We have numerous opportunities to do good, every day, in every aspect of our lives. Often, the choice is between doing something good and doing something permitted, or between doing something good and not doing anything at all. May Allah keep us striving toward his straight path.

But when we’re presented with two good options, the little devils plot and whisper to us to choose the lesser good, in hopes that it will lead us further and further away from what is best, from striving for perfection.

This trap is pernicious, difficult, oblique and widespread. Even in faith communities, cultural practices often pull people toward the lesser of two (or n) goods, and I have no real idea of how to counter this in daily life. Dua is, of course, the best and first option, and Muslims plead with God that He guide us to the straight path at least 17 times per day.
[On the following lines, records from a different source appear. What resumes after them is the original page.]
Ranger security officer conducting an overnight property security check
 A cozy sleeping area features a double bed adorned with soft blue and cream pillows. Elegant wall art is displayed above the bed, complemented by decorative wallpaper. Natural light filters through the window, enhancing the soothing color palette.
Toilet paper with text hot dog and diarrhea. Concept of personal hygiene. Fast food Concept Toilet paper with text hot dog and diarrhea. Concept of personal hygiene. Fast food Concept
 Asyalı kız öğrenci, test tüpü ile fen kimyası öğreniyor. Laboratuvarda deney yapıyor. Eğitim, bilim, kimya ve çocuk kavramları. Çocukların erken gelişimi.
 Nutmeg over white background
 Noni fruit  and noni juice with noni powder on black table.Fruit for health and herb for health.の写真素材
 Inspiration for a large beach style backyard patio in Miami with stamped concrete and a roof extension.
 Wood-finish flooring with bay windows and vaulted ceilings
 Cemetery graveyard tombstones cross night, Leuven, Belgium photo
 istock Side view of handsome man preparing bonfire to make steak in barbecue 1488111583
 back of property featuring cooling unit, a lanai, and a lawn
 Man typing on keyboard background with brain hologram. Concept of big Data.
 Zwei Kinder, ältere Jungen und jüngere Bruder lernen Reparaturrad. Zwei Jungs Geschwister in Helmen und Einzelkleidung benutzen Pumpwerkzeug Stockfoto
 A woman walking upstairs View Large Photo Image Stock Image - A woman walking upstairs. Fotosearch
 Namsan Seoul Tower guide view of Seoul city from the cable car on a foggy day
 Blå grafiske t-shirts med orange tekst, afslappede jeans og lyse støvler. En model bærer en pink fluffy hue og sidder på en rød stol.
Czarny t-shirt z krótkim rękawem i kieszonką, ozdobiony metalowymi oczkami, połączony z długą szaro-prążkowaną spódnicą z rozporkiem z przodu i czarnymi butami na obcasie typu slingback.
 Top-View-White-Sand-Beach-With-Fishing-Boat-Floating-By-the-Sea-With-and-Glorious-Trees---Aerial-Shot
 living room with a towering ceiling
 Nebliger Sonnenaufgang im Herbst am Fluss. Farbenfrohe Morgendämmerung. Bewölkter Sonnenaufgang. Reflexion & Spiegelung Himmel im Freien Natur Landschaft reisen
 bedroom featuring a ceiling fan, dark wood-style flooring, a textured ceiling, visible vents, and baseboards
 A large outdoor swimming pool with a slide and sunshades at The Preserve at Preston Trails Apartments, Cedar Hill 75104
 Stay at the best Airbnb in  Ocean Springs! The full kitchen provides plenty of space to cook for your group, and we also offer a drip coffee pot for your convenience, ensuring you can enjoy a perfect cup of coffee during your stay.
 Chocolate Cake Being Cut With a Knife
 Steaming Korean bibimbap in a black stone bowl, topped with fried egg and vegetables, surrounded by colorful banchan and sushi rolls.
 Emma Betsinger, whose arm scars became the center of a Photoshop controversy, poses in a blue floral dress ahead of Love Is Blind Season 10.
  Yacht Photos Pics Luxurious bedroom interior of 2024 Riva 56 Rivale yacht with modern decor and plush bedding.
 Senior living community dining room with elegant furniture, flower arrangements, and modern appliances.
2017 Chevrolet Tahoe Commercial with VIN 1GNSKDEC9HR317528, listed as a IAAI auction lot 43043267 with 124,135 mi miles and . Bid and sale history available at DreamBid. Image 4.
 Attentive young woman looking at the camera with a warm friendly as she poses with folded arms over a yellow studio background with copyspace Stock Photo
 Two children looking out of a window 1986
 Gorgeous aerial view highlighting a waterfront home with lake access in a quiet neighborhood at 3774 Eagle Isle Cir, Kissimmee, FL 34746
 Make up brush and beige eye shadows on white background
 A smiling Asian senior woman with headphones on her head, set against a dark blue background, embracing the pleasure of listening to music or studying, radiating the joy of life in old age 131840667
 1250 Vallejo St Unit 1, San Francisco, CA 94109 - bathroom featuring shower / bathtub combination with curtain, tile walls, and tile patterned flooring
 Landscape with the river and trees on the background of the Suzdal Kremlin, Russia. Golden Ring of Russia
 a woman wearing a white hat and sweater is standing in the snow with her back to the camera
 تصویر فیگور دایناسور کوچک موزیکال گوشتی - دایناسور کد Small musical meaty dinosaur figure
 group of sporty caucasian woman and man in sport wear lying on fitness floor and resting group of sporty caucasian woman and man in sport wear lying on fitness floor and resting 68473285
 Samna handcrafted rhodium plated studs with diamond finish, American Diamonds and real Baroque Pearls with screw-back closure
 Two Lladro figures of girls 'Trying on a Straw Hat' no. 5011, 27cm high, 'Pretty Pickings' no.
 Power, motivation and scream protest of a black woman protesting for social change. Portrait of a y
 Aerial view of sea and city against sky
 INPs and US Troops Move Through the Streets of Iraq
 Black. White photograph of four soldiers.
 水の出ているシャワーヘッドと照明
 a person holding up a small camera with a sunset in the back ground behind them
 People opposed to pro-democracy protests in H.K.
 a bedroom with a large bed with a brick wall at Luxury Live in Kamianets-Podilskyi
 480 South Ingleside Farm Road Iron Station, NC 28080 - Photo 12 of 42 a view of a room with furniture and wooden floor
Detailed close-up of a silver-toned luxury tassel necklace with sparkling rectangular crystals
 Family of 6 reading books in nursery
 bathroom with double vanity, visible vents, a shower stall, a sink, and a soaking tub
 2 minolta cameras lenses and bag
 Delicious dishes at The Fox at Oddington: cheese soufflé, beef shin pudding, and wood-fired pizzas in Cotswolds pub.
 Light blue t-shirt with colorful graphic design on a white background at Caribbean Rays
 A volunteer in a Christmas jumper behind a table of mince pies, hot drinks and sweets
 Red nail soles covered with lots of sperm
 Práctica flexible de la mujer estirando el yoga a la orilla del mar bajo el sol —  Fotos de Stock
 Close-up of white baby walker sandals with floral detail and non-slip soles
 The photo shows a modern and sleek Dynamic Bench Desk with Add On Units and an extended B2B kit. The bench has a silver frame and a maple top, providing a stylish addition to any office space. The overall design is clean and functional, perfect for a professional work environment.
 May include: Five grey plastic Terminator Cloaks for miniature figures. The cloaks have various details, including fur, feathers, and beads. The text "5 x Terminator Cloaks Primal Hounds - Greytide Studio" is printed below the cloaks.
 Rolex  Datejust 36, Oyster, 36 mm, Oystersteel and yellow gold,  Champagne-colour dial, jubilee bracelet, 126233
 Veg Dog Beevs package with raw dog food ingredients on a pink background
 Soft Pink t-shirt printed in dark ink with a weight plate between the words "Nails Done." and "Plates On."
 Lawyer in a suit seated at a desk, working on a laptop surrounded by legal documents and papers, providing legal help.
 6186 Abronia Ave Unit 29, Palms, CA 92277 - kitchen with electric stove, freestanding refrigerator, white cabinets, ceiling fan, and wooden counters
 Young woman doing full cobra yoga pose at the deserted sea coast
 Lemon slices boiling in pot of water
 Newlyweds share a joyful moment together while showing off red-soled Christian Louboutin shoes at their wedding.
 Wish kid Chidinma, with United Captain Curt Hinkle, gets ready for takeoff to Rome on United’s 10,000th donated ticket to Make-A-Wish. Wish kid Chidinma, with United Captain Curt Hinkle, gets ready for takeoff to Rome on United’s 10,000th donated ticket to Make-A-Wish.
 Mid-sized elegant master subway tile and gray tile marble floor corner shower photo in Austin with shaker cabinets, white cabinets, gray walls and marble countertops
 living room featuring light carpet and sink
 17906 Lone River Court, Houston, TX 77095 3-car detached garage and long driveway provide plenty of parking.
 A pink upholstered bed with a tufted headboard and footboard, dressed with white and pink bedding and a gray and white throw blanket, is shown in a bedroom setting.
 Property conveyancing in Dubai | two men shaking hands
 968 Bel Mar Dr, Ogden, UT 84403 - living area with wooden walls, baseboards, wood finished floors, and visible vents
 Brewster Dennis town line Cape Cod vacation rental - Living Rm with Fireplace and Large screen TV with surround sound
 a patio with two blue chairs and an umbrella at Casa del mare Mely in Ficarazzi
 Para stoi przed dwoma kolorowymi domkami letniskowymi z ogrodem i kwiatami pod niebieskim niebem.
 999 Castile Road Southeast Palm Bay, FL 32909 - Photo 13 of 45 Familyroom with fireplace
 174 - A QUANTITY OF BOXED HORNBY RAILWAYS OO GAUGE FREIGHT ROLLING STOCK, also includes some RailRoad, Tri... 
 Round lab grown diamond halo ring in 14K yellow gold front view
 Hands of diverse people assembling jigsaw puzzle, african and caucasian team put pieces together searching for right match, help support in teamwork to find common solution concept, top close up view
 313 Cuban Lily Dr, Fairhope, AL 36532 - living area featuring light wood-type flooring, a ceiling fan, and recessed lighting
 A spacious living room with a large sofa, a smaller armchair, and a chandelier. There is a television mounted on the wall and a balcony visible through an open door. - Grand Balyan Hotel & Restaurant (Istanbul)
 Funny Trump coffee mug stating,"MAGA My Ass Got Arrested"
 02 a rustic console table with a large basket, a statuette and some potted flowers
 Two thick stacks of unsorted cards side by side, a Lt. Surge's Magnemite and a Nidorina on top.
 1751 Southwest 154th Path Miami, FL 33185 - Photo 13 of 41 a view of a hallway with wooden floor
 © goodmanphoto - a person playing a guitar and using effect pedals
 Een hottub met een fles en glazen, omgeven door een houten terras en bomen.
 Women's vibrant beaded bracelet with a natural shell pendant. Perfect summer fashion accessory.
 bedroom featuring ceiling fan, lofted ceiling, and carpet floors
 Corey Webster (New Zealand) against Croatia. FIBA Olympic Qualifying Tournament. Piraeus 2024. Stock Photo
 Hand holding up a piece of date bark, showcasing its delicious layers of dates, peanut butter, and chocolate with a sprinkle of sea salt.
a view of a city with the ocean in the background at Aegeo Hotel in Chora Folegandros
As with anything, though, in Islam we’re enjoined to “trust in God, but tie your camel.”

So we make dua for guidance, and then try to take some concrete steps, but what can we do to recognize the better of two goods?

First, pray Istikara and then go with one of them. If it’s good for you, Allah will make it easy, and if it’s not good for you, you’ll find some obstacles and slowdowns.

Second, check your ego and your cultural assumptions. I’m as guilty of this as anyone, if not more so, and may Allah guide me to better. Insofar as we’re embedded in our cultural practices, it’s very difficult to see outside and recognize that our culture is pushing us to something less than the best. And checking the ego is hard enough as it is.

Between those three—praying for guidance, praying the Istikara, and checking your ego and cultural assumptions—inshaAllah you’ll find the right option, and may Allah make it easy on us and forgive us when we fail.

May Allah guide and protect us, and keep us steadfast on His religion, Ameen.